#### Exercise goal:
From the records below, output exactly the lines running from the line containing "autodesk application manager中文翻譯，autodesk" through the line containing "Expansion card, Removing", and no others.

#### Exercise materials:

'''

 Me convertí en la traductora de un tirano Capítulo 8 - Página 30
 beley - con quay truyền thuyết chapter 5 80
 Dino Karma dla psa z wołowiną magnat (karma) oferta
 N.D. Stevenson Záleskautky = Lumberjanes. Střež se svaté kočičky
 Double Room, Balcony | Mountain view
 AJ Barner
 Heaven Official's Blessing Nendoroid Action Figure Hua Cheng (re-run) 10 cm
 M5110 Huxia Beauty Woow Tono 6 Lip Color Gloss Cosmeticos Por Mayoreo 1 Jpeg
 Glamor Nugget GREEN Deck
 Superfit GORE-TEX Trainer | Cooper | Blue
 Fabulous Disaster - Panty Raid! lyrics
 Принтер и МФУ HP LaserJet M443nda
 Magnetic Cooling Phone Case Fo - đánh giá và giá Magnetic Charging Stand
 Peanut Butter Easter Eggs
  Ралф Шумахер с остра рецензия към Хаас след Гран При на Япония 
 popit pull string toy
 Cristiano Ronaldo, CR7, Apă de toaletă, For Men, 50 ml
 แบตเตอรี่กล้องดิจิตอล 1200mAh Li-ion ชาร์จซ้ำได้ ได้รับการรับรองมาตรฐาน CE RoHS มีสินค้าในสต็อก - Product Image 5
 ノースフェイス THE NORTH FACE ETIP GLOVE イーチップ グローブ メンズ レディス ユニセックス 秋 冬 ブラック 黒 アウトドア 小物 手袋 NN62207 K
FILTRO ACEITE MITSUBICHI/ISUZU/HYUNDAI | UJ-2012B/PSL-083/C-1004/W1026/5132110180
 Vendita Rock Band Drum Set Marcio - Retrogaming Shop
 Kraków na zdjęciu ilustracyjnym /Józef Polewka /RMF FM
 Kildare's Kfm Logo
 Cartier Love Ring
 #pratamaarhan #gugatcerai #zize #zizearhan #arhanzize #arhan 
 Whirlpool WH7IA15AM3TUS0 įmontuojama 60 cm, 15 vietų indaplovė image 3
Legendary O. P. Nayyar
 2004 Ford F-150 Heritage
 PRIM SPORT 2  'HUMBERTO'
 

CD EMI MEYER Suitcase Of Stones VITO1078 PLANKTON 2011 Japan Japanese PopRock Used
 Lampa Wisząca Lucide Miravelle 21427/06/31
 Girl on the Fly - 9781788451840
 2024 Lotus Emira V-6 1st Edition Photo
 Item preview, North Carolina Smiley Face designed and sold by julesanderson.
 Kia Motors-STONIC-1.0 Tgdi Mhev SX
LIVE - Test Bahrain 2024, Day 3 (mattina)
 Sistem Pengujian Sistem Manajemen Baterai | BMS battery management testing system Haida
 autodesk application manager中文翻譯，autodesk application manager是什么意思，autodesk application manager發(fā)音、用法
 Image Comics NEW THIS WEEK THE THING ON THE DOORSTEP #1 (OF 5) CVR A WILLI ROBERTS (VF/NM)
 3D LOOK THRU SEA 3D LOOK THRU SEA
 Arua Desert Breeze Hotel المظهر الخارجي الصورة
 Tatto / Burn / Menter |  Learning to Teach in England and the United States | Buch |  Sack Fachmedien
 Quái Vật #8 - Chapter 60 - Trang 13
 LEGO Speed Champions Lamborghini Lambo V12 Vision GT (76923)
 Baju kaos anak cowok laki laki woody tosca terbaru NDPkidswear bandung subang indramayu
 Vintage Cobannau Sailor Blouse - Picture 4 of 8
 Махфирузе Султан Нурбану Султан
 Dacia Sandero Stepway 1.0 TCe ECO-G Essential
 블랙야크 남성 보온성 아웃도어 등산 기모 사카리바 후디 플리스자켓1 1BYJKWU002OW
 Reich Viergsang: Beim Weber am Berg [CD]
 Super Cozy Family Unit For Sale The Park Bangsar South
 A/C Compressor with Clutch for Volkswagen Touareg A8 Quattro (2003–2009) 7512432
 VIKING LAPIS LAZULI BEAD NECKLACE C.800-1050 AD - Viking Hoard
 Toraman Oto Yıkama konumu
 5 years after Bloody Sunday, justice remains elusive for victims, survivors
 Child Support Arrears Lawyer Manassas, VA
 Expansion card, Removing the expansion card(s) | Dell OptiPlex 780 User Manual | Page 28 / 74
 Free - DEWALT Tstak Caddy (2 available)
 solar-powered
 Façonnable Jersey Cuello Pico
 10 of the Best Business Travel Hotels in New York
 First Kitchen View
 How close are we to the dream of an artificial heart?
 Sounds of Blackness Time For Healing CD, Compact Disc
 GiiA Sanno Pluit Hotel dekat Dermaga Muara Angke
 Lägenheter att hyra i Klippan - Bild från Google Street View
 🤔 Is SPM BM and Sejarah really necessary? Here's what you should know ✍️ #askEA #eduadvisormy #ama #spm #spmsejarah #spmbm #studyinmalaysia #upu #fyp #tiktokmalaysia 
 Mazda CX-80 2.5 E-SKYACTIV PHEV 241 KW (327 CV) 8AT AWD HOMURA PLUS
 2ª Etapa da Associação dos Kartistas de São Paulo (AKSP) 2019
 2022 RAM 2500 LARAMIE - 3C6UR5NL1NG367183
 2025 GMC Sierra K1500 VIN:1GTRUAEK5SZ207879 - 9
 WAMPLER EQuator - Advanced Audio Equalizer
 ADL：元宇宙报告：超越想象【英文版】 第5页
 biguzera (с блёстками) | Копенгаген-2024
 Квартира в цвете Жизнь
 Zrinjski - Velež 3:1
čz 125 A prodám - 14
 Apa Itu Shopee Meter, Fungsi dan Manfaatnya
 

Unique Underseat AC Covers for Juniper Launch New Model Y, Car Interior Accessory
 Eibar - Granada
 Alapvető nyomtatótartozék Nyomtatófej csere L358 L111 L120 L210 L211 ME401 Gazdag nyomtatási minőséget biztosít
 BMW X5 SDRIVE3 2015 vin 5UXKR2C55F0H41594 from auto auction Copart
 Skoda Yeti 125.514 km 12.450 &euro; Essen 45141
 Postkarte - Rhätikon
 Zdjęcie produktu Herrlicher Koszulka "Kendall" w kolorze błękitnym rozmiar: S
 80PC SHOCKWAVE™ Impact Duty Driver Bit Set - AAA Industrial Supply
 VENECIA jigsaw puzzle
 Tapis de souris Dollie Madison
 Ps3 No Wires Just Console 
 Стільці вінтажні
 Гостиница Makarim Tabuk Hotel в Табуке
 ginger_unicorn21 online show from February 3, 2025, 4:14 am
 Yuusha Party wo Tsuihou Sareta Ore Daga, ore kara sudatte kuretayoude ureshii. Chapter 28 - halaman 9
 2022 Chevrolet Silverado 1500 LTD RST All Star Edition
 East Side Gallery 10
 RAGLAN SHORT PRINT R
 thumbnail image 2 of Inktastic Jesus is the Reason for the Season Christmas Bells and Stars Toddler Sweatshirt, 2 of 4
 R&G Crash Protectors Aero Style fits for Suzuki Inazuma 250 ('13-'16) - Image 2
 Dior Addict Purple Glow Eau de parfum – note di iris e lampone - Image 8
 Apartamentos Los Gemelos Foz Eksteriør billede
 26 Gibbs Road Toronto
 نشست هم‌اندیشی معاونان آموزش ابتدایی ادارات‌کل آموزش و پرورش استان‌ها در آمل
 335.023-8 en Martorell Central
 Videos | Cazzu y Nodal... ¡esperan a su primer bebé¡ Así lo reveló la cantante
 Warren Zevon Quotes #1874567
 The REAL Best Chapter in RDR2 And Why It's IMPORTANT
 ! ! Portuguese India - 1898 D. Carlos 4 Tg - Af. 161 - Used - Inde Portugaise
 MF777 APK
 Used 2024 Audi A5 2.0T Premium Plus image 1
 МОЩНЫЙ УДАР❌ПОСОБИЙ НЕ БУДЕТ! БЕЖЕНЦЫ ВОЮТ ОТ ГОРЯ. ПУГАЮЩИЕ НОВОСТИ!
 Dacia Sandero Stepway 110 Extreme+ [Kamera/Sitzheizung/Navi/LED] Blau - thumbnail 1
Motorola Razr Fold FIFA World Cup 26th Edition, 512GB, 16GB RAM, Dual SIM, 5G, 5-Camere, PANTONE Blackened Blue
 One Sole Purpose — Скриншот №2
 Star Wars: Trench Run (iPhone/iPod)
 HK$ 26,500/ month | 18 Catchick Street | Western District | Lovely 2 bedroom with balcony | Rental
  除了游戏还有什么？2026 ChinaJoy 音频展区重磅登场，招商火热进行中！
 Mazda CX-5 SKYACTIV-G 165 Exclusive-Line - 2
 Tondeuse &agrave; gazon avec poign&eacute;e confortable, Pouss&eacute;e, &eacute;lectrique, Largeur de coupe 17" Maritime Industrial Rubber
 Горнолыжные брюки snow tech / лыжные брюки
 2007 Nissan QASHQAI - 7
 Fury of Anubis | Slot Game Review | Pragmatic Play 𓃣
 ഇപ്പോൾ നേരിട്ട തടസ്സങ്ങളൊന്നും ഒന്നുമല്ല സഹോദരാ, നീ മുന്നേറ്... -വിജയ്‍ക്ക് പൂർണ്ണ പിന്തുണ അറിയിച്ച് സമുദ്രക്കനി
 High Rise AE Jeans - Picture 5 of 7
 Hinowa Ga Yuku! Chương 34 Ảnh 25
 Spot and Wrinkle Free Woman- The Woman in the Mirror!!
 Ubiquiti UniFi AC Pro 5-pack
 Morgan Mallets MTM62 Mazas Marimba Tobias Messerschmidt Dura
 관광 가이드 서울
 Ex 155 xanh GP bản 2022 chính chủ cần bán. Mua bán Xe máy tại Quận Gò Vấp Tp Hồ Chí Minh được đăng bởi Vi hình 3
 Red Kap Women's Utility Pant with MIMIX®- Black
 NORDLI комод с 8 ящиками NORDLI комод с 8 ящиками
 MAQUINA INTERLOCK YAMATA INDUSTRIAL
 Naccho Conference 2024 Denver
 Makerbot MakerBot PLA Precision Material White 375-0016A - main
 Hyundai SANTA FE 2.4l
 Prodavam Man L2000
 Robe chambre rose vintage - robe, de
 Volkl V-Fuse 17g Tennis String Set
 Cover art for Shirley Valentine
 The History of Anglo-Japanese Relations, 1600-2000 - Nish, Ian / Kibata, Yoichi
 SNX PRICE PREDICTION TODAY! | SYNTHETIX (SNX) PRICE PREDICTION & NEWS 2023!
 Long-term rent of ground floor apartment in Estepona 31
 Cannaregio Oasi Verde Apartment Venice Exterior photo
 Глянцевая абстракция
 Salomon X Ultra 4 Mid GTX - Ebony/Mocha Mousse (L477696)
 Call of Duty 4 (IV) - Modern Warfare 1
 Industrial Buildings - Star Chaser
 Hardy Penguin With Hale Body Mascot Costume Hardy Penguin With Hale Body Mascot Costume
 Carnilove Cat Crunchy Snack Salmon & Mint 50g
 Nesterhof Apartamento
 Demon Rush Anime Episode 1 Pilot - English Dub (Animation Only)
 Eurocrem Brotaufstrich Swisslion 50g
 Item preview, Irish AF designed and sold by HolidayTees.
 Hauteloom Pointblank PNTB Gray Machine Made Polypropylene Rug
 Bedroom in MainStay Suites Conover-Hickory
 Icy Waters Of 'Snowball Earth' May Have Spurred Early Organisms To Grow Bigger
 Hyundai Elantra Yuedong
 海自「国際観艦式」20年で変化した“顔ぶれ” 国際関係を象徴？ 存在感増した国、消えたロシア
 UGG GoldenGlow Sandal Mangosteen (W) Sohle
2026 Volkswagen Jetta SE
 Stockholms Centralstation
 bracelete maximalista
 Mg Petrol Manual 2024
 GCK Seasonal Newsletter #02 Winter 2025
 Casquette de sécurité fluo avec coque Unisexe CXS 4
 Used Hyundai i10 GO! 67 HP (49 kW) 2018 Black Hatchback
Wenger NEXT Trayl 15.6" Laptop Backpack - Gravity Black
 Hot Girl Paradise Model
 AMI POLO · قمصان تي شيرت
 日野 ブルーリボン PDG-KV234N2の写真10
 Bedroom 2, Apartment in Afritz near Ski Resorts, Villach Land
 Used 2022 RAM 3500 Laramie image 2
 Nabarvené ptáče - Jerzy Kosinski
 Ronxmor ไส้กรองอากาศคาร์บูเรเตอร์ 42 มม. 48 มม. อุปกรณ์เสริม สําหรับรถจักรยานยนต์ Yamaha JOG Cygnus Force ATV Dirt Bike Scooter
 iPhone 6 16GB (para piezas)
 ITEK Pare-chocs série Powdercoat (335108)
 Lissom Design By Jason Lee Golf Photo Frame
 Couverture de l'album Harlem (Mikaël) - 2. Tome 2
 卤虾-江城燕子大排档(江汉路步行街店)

'''

#### Task response:
 autodesk application manager中文翻譯，autodesk application manager是什么意思，autodesk application manager發(fā)音、用法
 Image Comics NEW THIS WEEK THE THING ON THE DOORSTEP #1 (OF 5) CVR A WILLI ROBERTS (VF/NM)
 3D LOOK THRU SEA 3D LOOK THRU SEA
 Arua Desert Breeze Hotel المظهر الخارجي الصورة
 Tatto / Burn / Menter |  Learning to Teach in England and the United States | Buch |  Sack Fachmedien
 Quái Vật #8 - Chapter 60 - Trang 13
 LEGO Speed Champions Lamborghini Lambo V12 Vision GT (76923)
 Baju kaos anak cowok laki laki woody tosca terbaru NDPkidswear bandung subang indramayu
 Vintage Cobannau Sailor Blouse - Picture 4 of 8
 Махфирузе Султан Нурбану Султан
 Dacia Sandero Stepway 1.0 TCe ECO-G Essential
 블랙야크 남성 보온성 아웃도어 등산 기모 사카리바 후디 플리스자켓1 1BYJKWU002OW
 Reich Viergsang: Beim Weber am Berg [CD]
 Super Cozy Family Unit For Sale The Park Bangsar South
 A/C Compressor with Clutch for Volkswagen Touareg A8 Quattro (2003–2009) 7512432
 VIKING LAPIS LAZULI BEAD NECKLACE C.800-1050 AD - Viking Hoard
 Toraman Oto Yıkama konumu
 5 years after Bloody Sunday, justice remains elusive for victims, survivors
 Child Support Arrears Lawyer Manassas, VA
 Expansion card, Removing the expansion card(s) | Dell OptiPlex 780 User Manual | Page 28 / 74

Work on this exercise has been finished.